The recently dramatic Spain suicides caused by evictions and foreclosures have led to a new law preventing banks from acting on bad mortgages for at least two years. A woman named Amaia Egana, an active member of Spain′s Socialist Party, leaped from her 6th floor balcony when officials came to evict her and change the locks on her apartment. While she survived the fall, paramedics were unable to keep her alive as they sped her to a hospital. The economy in Spain is in horrendous condition after decades of Progressive policies. With a national unemployment rate of about 25%, and more than 400,000 already evicted from their homes and dwellings for failure to pay, the situation is dire and growing more desperate. Spanish Prime Minister Mariano Rajoy has been working with the European Union seeking more bailout money. But now with the new law, The EU′s Court of Justice advocate general, Juliane Kokott, claims that the new anti-eviction law violates some of the EU′s consumer protection laws which Spain must comply with.

Spain suicides

All of this is making for one huge mess as Spain continues to decline economically. The country further hampered itself with a major push towards adopting green energy technology, costly the nation billions of Euros and eliminating two or more jobs for each new one created. A program which Barack Hussein Obama wishes to import to the United States. Let′s face it, another four years of Obama will probably lead to us seeing a rise in suicides here as well.
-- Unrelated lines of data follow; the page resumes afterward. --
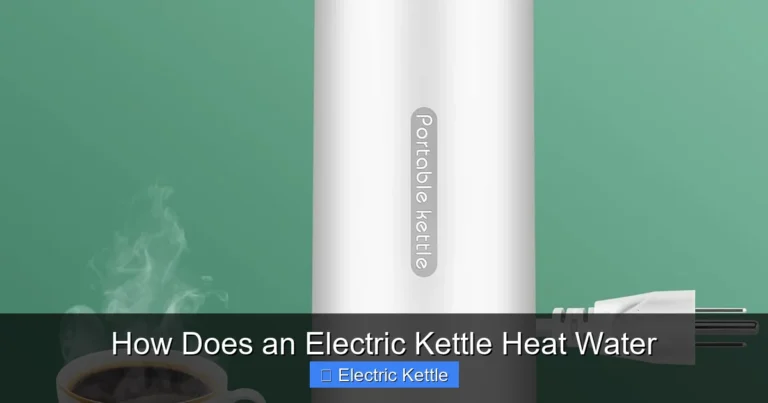 How Does an Electric Kettle Heat Water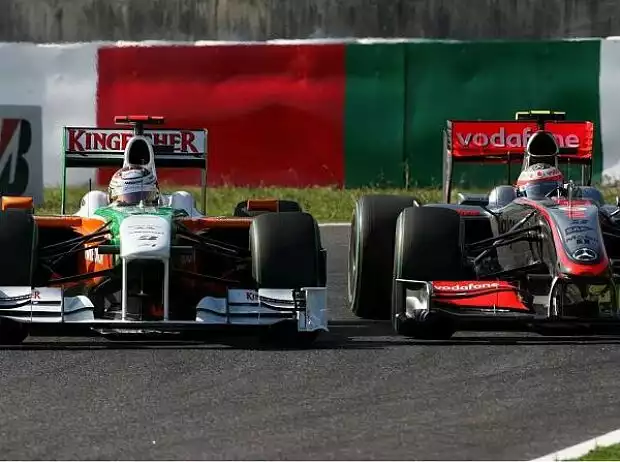 Titel-Bild zur News: Heikki Kovalainen, Adrian Sutil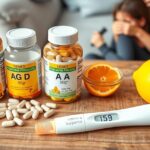 D- és A-vitamin étrend-kiegészítők a termékenység támogatásához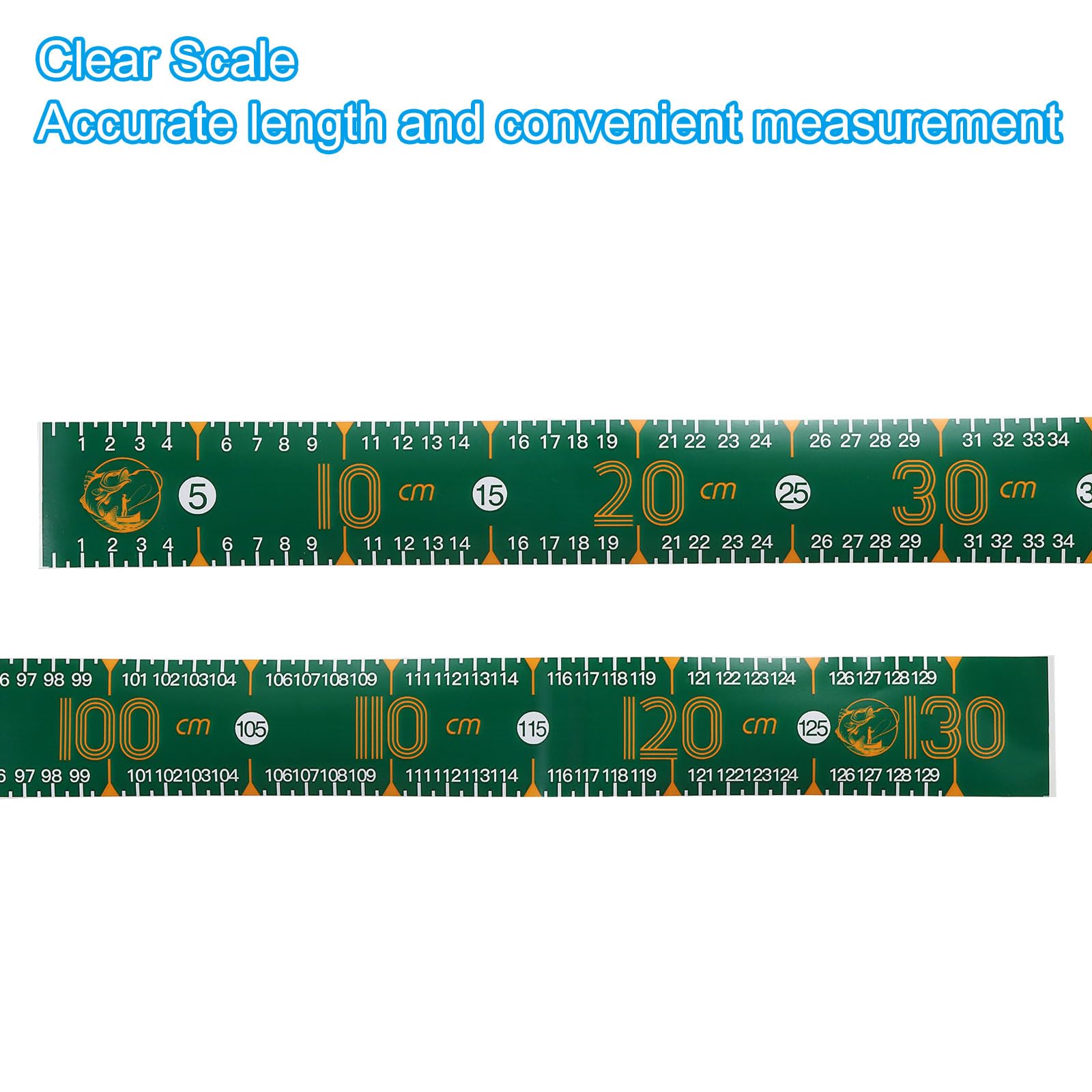 PATIKIL fish ruler on a kayak surface enables easy length checks during trips.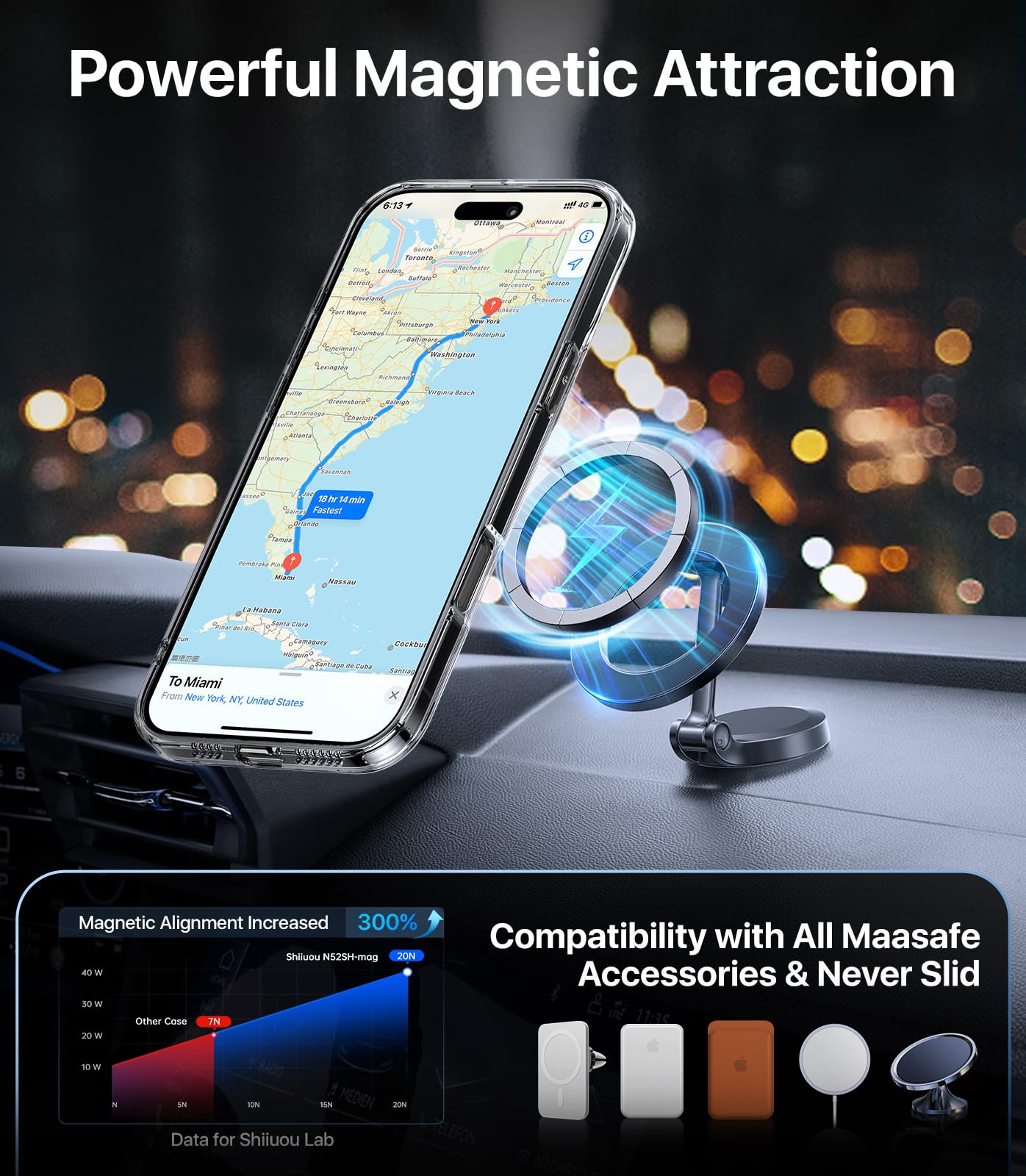 Shiiuou Strong Magnetic For Iphone 16 Pro Case Clear, Never Yellow[Compatible With Magsafe] [Military Grade Drop Protection]Skin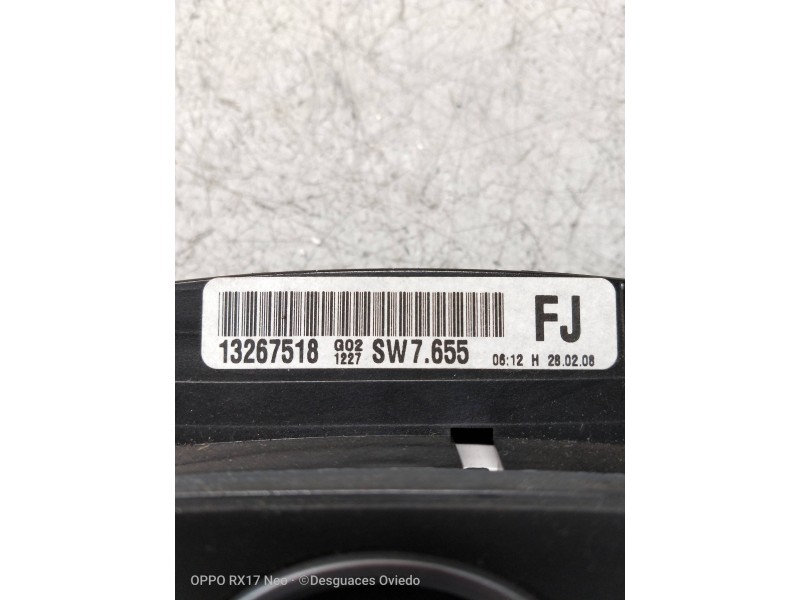 Recambio de cuadro instrumentos para opel astra gtc innovation referencia OEM IAM 13267518 FJ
Will the recent increase in Spain suicides of a woman, Amaia Egana, cause any other new laws? Will Prime Minister Mariano Rajoy be able to resolve the new anti-eviction law with European Union Court of Justice advocate general Juilane Kokott in order to get more EU bailout cash? Will any of this really matter so long as Spain and the rest of the EU continue down the path of a Progressive, Socialist agenda, similar to that which Barack Hussein Obama wants here in the United States? Time will tell but do not wait too long!